*** RECORDED DATA

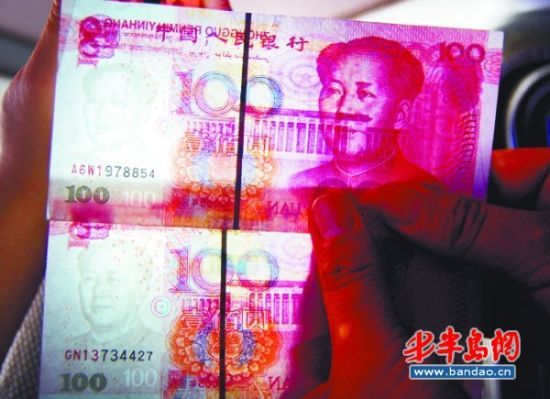 赵先生收藏的错版币 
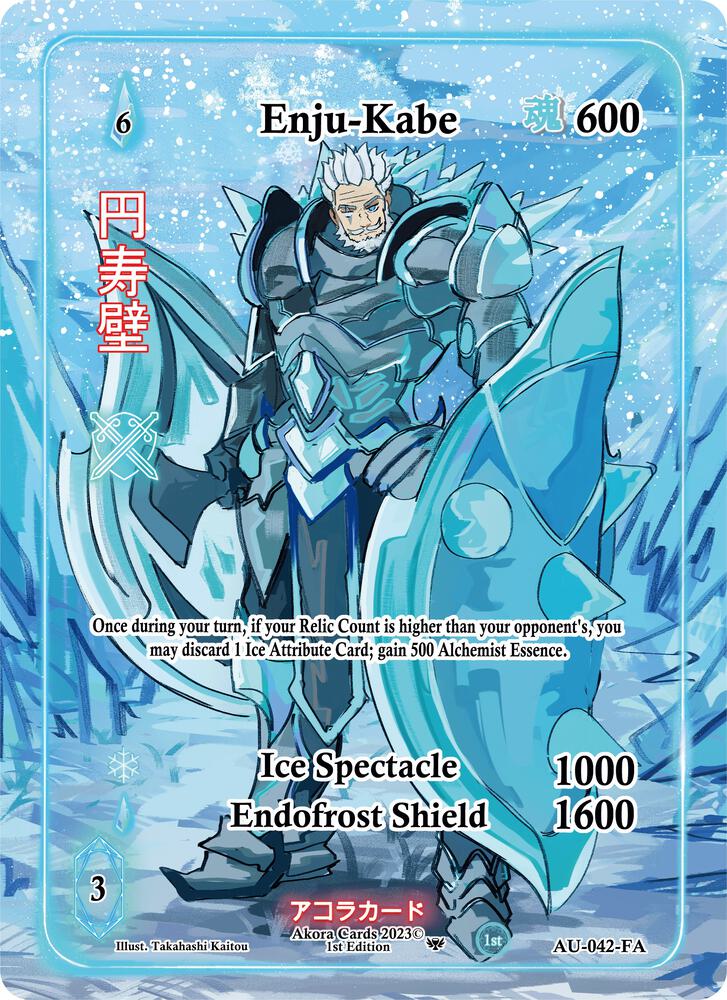 Enju-Kabe (Full Art)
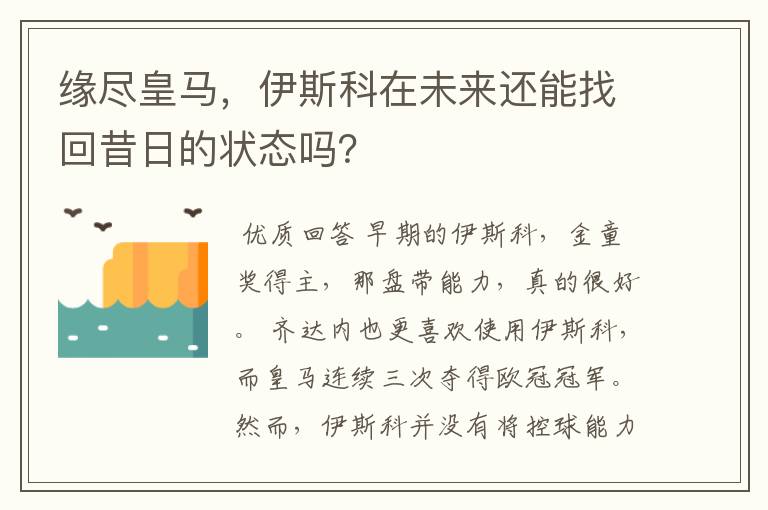 缘尽皇马，伊斯科在未来还能找回昔日的状态吗？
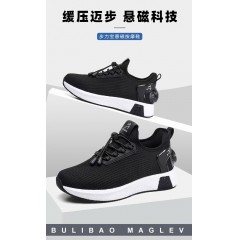 步力宝旋磁鞋XC923款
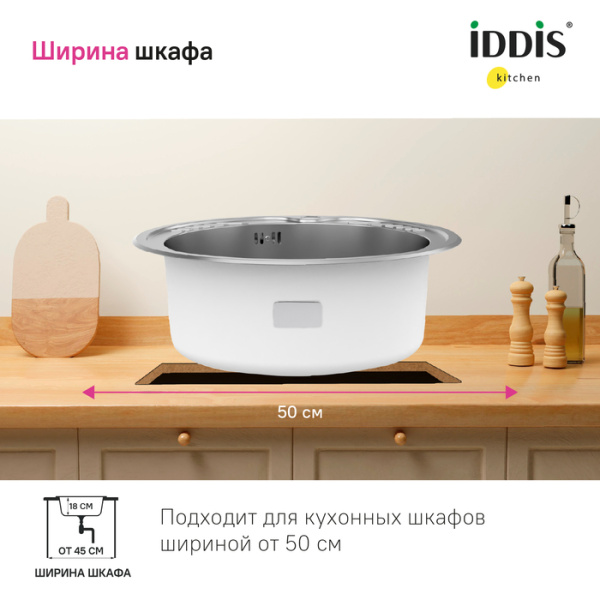 Мойка кухонная IDDIS Suno S D510 , 51х18 см, толщина 0.8 мм,  врезная, нержавеющая сталь, матовая (сатин) SUN51S0i77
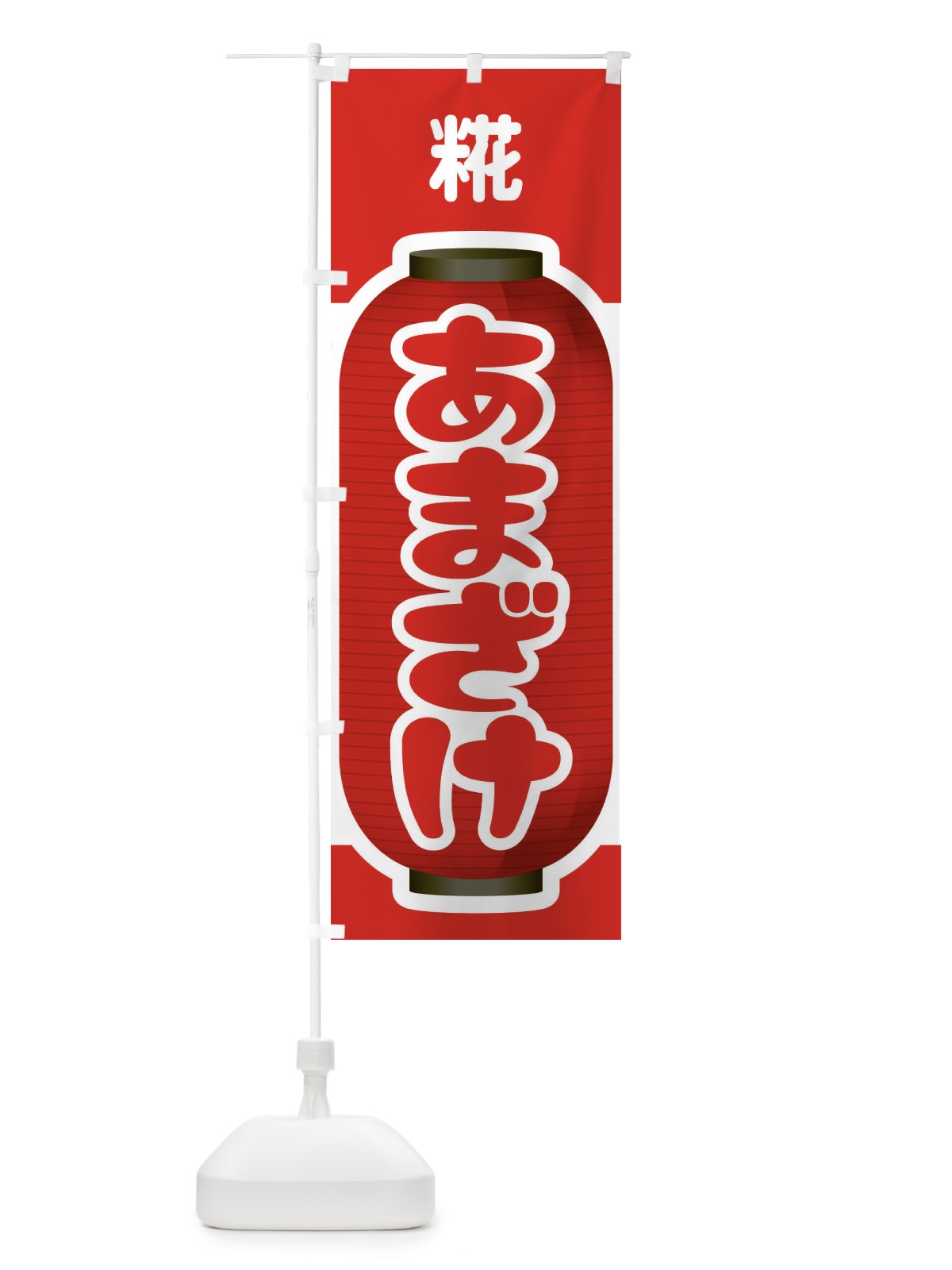 のぼり あまざけ・甘酒・糀 のぼり旗 3GXH(デザイン【B】)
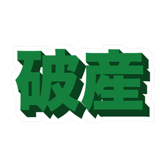 856163069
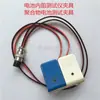 Kvr208 218 Probador de Resistencia Interna de Batería Detector de Batería de Polímero 18650 Medidor de Resistencia Interna de Alta Precisión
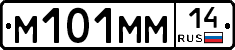 %D0%9C101%D0%9C%D0%9C14
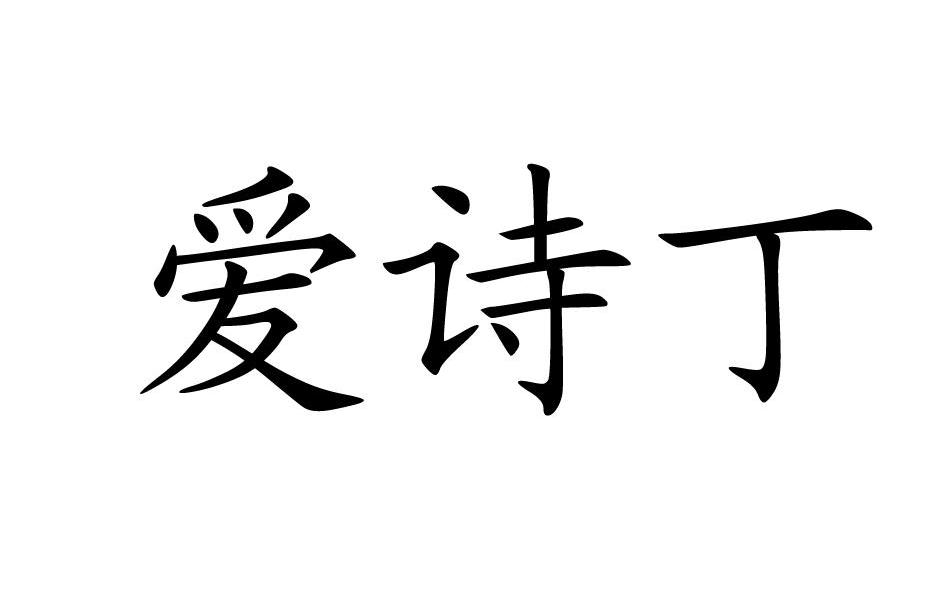 爱诗丁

******

**YOUR INSTRUCTIONS**
All of the lines above should be printed exactly, minus the pictures.

**ANSWER FOR THIS EXERCISE**
 赵先生收藏的错版币 
 Enju-Kabe (Full Art)
 缘尽皇马，伊斯科在未来还能找回昔日的状态吗？
 步力宝旋磁鞋XC923款
 Мойка кухонная IDDIS Suno S D510 , 51х18 см, толщина 0.8 мм,  врезная, нержавеющая сталь, матовая (сатин) SUN51S0i77
 のぼり あまざけ・甘酒・糀 のぼり旗 3GXH(デザイン【B】)
 856163069
 Kvr208 218 Probador de Resistencia Interna de Batería Detector de Batería de Polímero 18650 Medidor de Resistencia Interna de Alta Precisión
 %D0%9C101%D0%9C%D0%9C14
 爱诗丁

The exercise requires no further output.